TAMPA — Some two dozen Florida school superintendents and union chiefs gathered Wednesday to find common ground in the contentious debate over improving the state's education system.
Hillsborough County officials, who organized the conference, said districts shouldn't leave the job to state legislators.
"We can't sit back and watch what comes down the road from Washington and Tallahassee," said superintendent MaryEllen Elia. "We have to lead the way."
Of Florida's 67 districts, half planned to send at least two representatives to the conference — one from labor, one from management — which was funded with a grant from the Bill & Melinda Gates Foundation.
The meeting comes nearly a year after Florida legislators tried to mandate aggressive changes, including merit pay for teachers and the abolishment of tenure for new teachers. Then-Gov. Charlie Crist vetoed that effort, but Gov. Rick Scott has said he would sign a similar bill.
Jean Clements, president of the Hillsborough teachers union, said the meeting offers a response to Scott's call for teachers and unions to "come up with a plan" of their own.
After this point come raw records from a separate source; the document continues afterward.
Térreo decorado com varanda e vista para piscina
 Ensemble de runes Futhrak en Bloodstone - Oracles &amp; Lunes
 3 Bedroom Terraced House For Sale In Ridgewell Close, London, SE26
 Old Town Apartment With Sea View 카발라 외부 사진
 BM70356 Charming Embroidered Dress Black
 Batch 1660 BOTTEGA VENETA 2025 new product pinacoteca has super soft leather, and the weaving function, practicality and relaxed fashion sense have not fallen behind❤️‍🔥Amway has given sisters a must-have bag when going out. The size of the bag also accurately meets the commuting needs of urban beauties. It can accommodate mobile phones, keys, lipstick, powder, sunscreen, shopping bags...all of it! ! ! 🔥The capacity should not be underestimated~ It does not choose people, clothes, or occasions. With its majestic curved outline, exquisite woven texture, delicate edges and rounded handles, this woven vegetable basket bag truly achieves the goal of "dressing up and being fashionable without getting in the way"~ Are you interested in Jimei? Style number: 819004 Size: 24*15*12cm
"And I wish he were here to see it," she said, referring to Scott, who declined an invitation to speak. "I was so looking forward to spending time with him. I want to meet him."
Randi Weingarten, national president of the American Federation of Teachers, said conflict has been the norm lately in discussions about how to fix public schools.
"There's always someone on the sideline yelling, 'Fight, fight, fight!' " she said in a keynote address. "But it doesn't work in schools."
Hillsborough officials pointed with pride to the decades of labor-management collaboration that helped them land a $100 million Gates Foundation grant last year to overhaul their teacher evaluation and support systems.
But others in the crowd said Hillsborough's reforms didn't look so easy to copy.
Hernando County superintendent Bryan Blavatt wondered how Elia's district has maintained unity. He recalled efforts in other states where union partners recanted after tough changes kicked in, saying they "didn't really want it."
Elia said a unified response is critical. When complaints spring up at a school, both the district and union must show up together to put out the fire.
"It has to be something where you're in the same room together, and people can see that you're together on it," she added.
In other districts such as Broward County, the conversation has often come down to a far simpler issue: money. And with budgets tight during the recession, it has sometimes gotten ugly.
"We've done a pretty good job of beating each other up," said Pat Santeramo, president of the Broward teachers union. "We're at subzero right now."
Around 1,300 of his teachers were laid off in the spring as the district grappled with the loss of tax revenue.
While many were later rehired, Santeramo said the issues being discussed at the Hillsborough conference, such as performance pay and peer mentoring, seem pretty remote by comparison. Still, he said it makes sense for districts to come up with a solution, rather than have one imposed by the Legislature.
"I'm always willing to try," he added. "But we also need a willing partner on the other side. When you've been at war for three years, it's hard to stop."
"It's been tough," agreed his counterpart, Broward superintendent James Notter. "We've been two consecutive years at impasse, one declared by the union and one declared by the school district."
He said the conference offered an opportunity to "hear from the successful people," both in Hillsborough and nationally, and try to make a fresh start with his union.
"My commitment is to build that trust," Notter said.